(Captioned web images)
'''
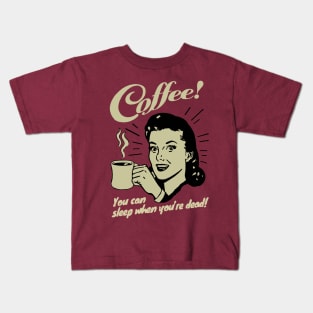 Old Vintage Coffee Woman Kids T-Shirt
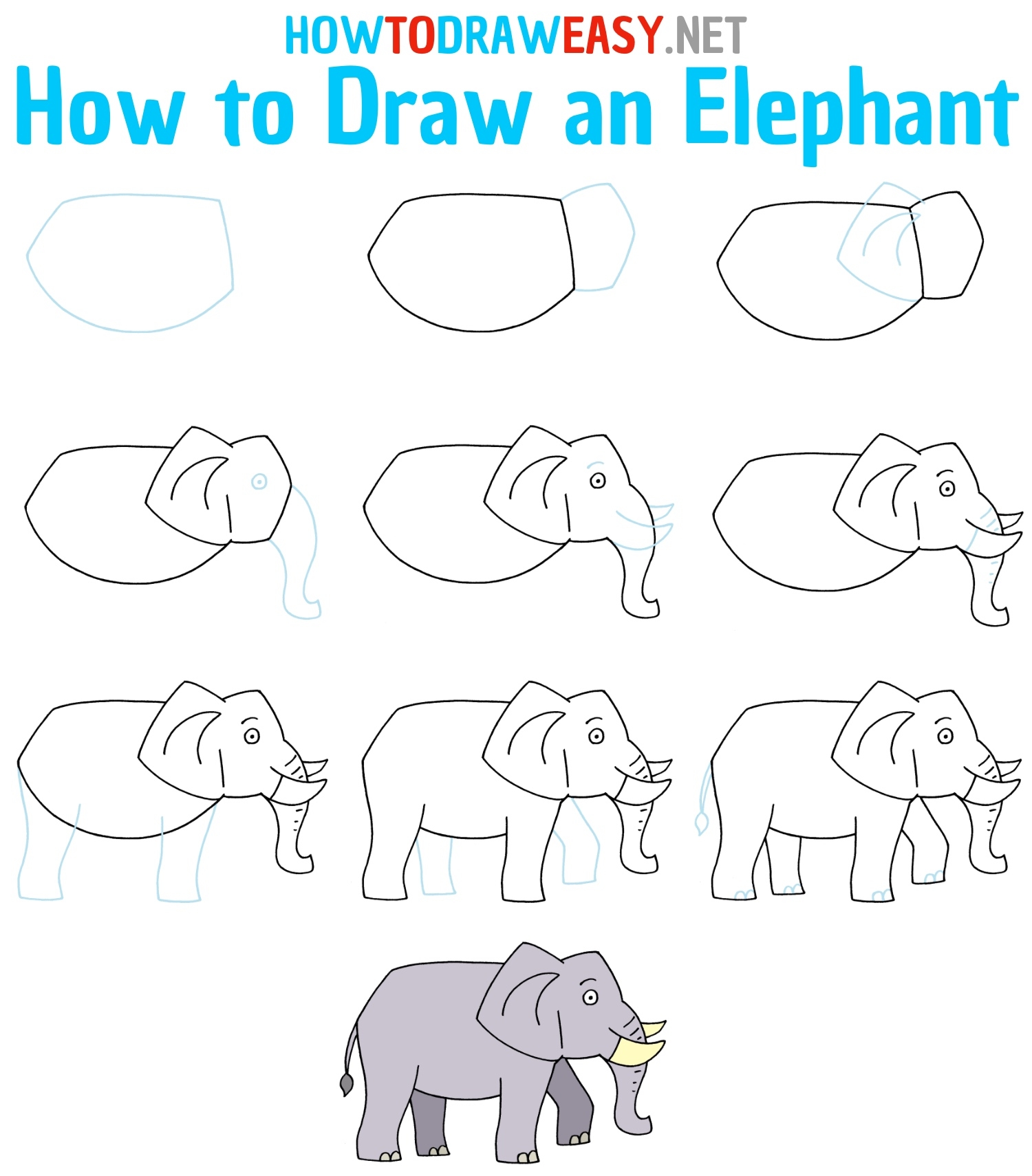 how to draw a elephant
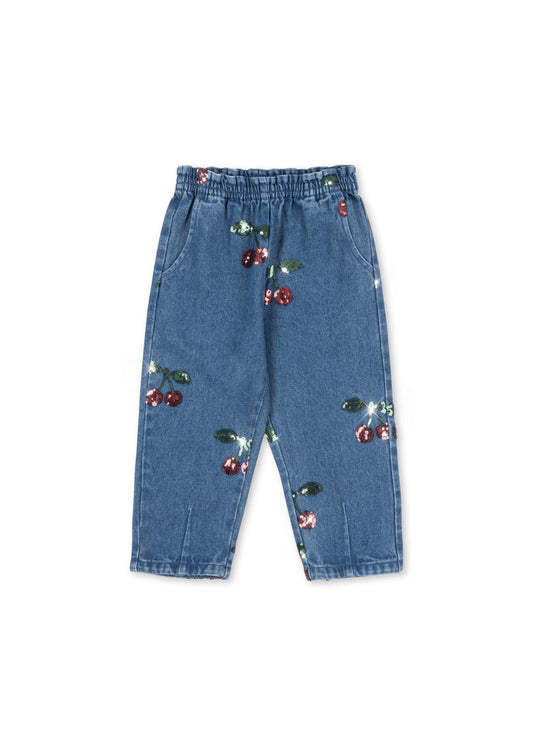 Magot Sequin Frill Jeans in Cherry Sequin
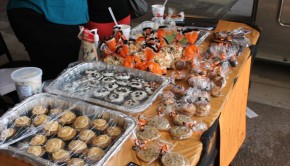 Several treats at the event included cookies, pretzels, cupcakes, root beer floats, candy apples and suasage on a stick, all made and ready to satiate tha appetites of Halloween spirited students. | Esteban Portillo/The Daily Cougar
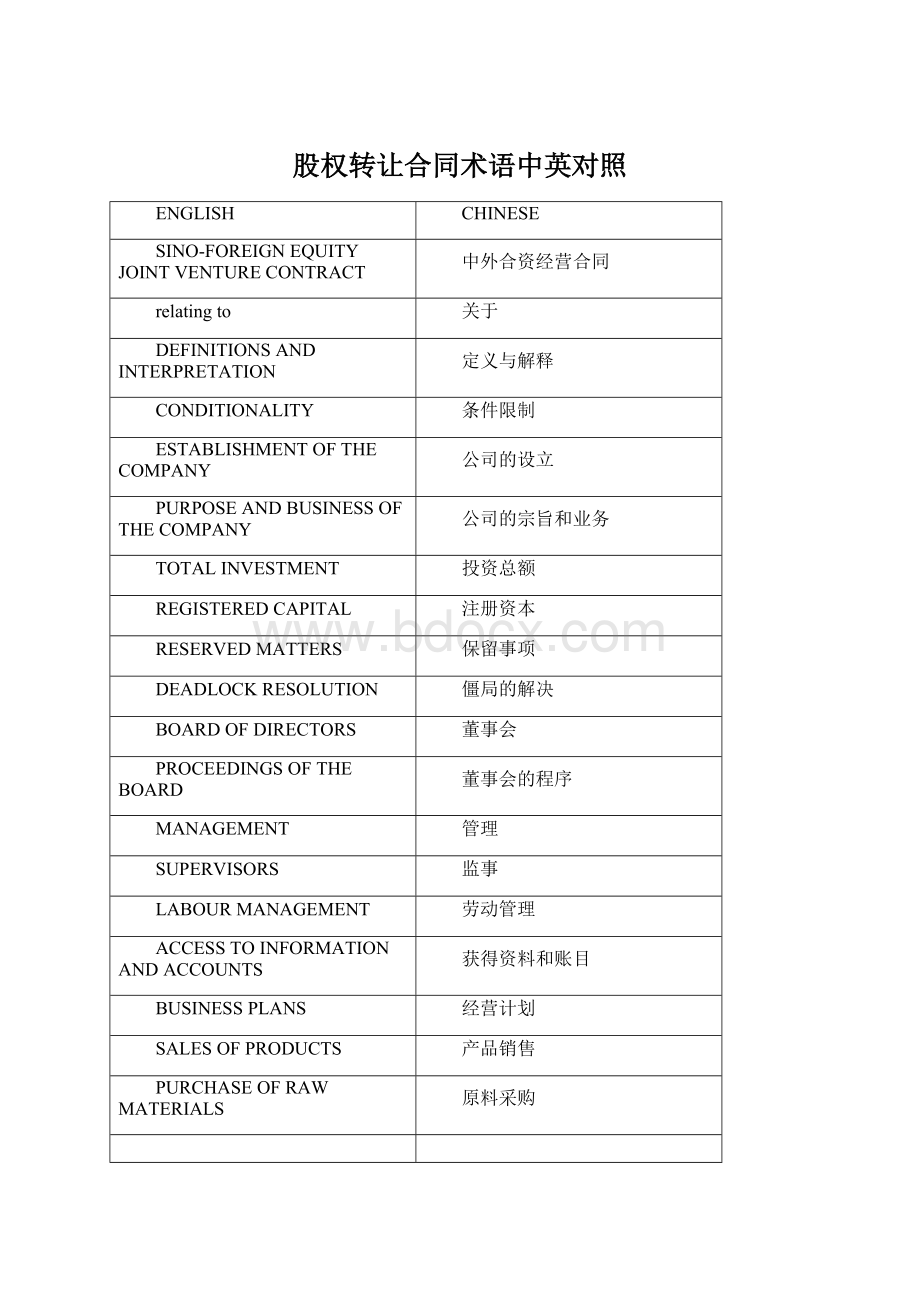 股权转让合同术语中英对照.docx_第1页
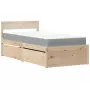 Letto con Cassetti e Materasso 100x200 cm Legno Massello Pino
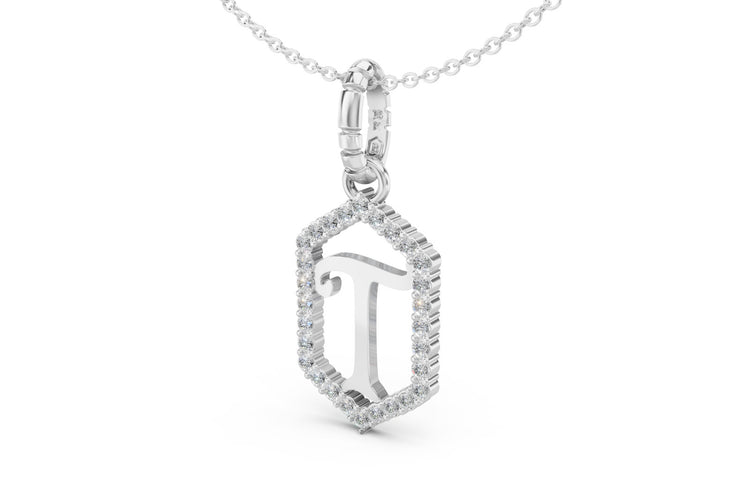 Diamond Pave Letter Charm in White Gold, letter T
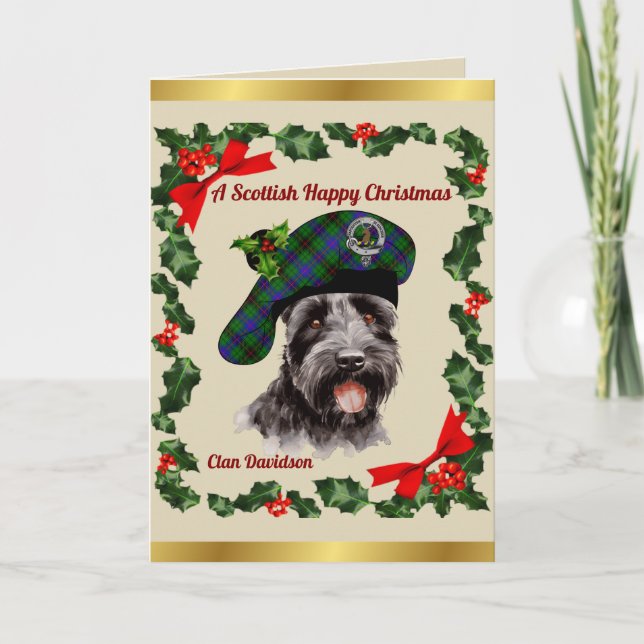 Davidson Scottie Dog Personalized Xmas Karte (Vorderseite)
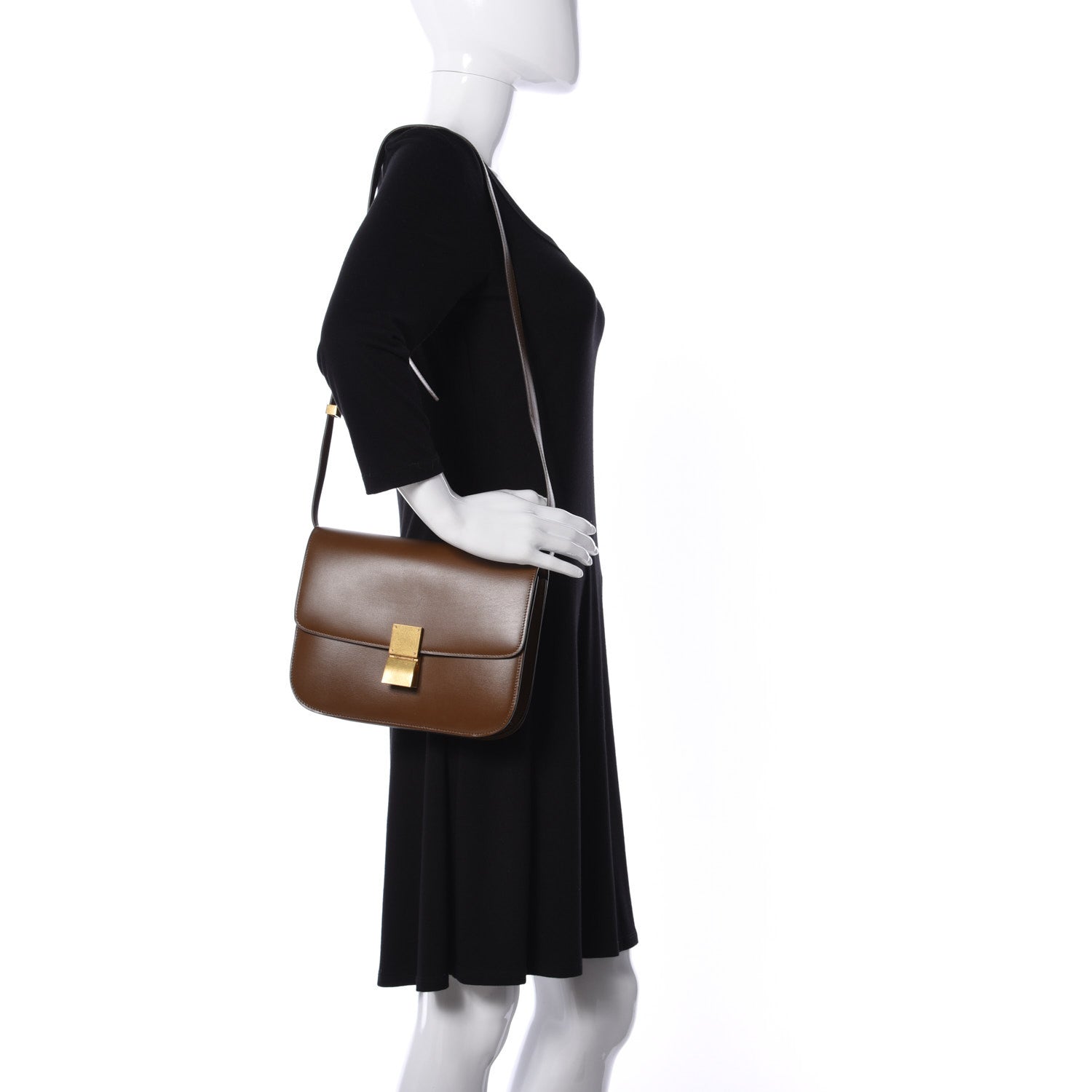 Celine Box Calfskin Medium Classic Box Flap Bag Camel 2 of 9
'''
◆ Instructions to follow ◆
Could you copy every record exactly, without the pictures?

◆ Answer space ◆
 Old Vintage Coffee Woman Kids T-Shirt
 how to draw a elephant
 Magot Sequin Frill Jeans in Cherry Sequin
 Several treats at the event included cookies, pretzels, cupcakes, root beer floats, candy apples and suasage on a stick, all made and ready to satiate tha appetites of Halloween spirited students. | Esteban Portillo/The Daily Cougar
 股权转让合同术语中英对照.docx_第1页
 Letto con Cassetti e Materasso 100x200 cm Legno Massello Pino
 Diamond Pave Letter Charm in White Gold, letter T
 Davidson Scottie Dog Personalized Xmas Karte (Vorderseite)
 Celine Box Calfskin Medium Classic Box Flap Bag Camel 2 of 9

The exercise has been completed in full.